Sunday, November 30, 2014

Christmas Tree Lane

It's beginning to look a lot like Christmas. Not really, but maybe come December 2025, it will. Ed and I are in the process of planting 40 conifer trees on both sides of one of our trails. We are creating our own Christmas Tree Lane. For now, all it looks like is a Charlie Brown version of our dream lane.

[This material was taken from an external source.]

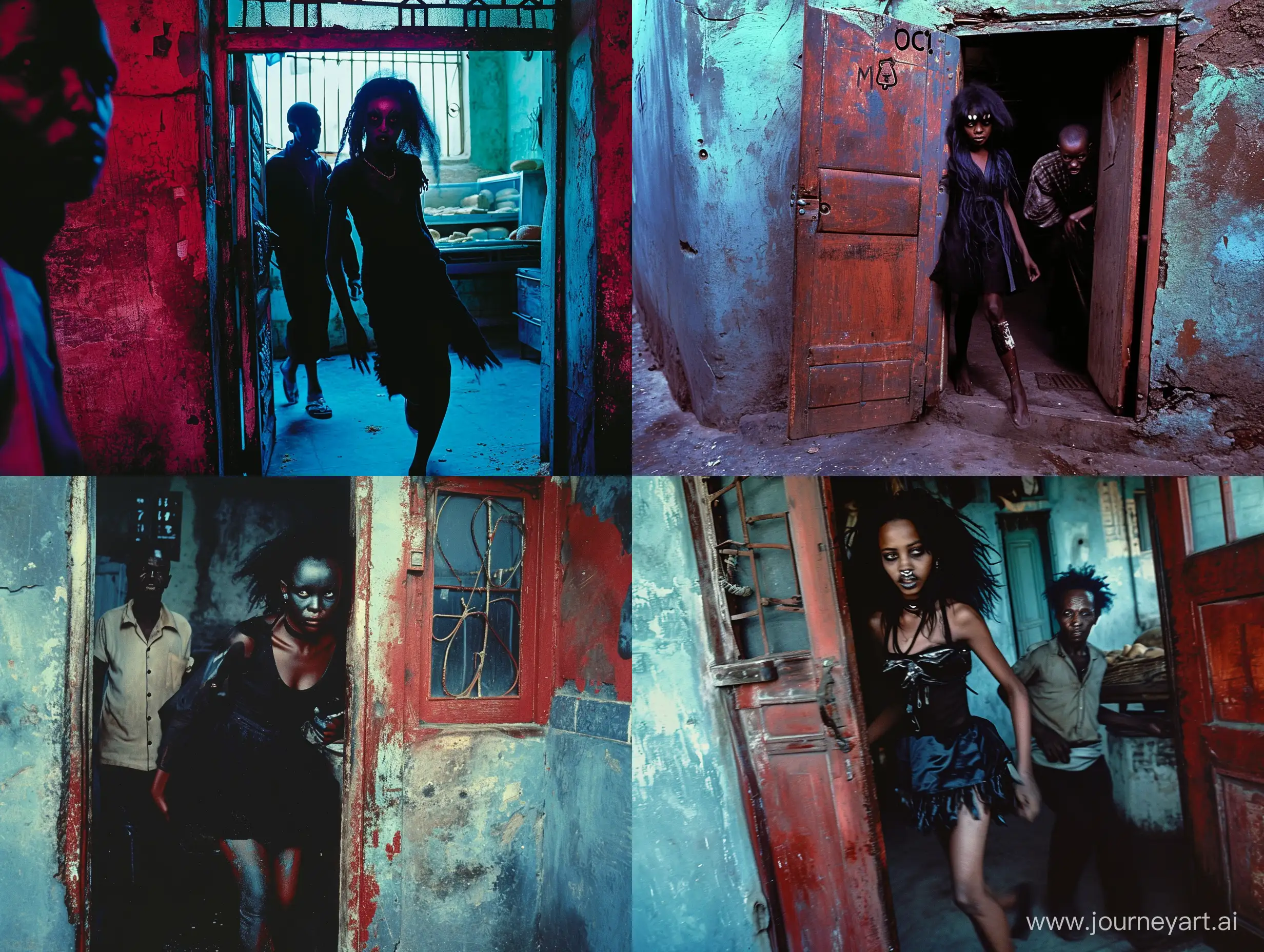 A photo taken in 1998 that shows an Ethiopian goth girl going to the bakery to buy bread for her hungry mother, she is walking through the door in slow motion, very confident of herself and the baker is looking at her with acute fear. The quality of the scene is clearly grainy and has intense tones of red and blue. The camera angle is a little smaller.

It all started on our fall trip up the east coast. After a long hike in the Fundy National Park in New Brunswick, we found ourselves on a path leading back to our car. The path was lined with evergreens – all different kinds – tall ones, short ones, fat ones, skinny ones. It was like walking in an enchanted forest, but not a scary one – rather a beautiful, magical one. It smelled of Christmas, the real thing. It was eerily quiet to walk on pine needles, the only sounds were chirps from small sparrows. The sun shone between the branches, many of which were laden with pine cones.

I told Ed I wanted one of these enchanted paths at Farm Dover. And, because my every wish is his command, we ordered some seedling trees from Pikes Peak Nurseries in Pennsylvania, and this week, they were delivered right to our front door.


Before our post-Thanksgiving feast yesterday and then again this afternoon, we planted trees. I would march off seven paces and place either a Norway Spruce, an Eastern White Pine, a Canadian Hemlock or a White Spruce at the appropriate spot along the trail. Ed would dig the hole and then I'd kneel down to place the bare roots in the hole and fill it in with the dirt. I'd hold its branches up while Ed carefully stomped around the little trees, compacting the dirt, making sure the tree was stranding straight, or almost straight. Then we would move on down seven paces to the next site for a tree.


We've still got a dozen or so more trees to plant and we are hoping to get out tomorrow afternoon before the weather turns bad. Then we'll sit back and wait for them to grow into a beautiful lane – just like the magical one we found ourselves on in New Brunswick.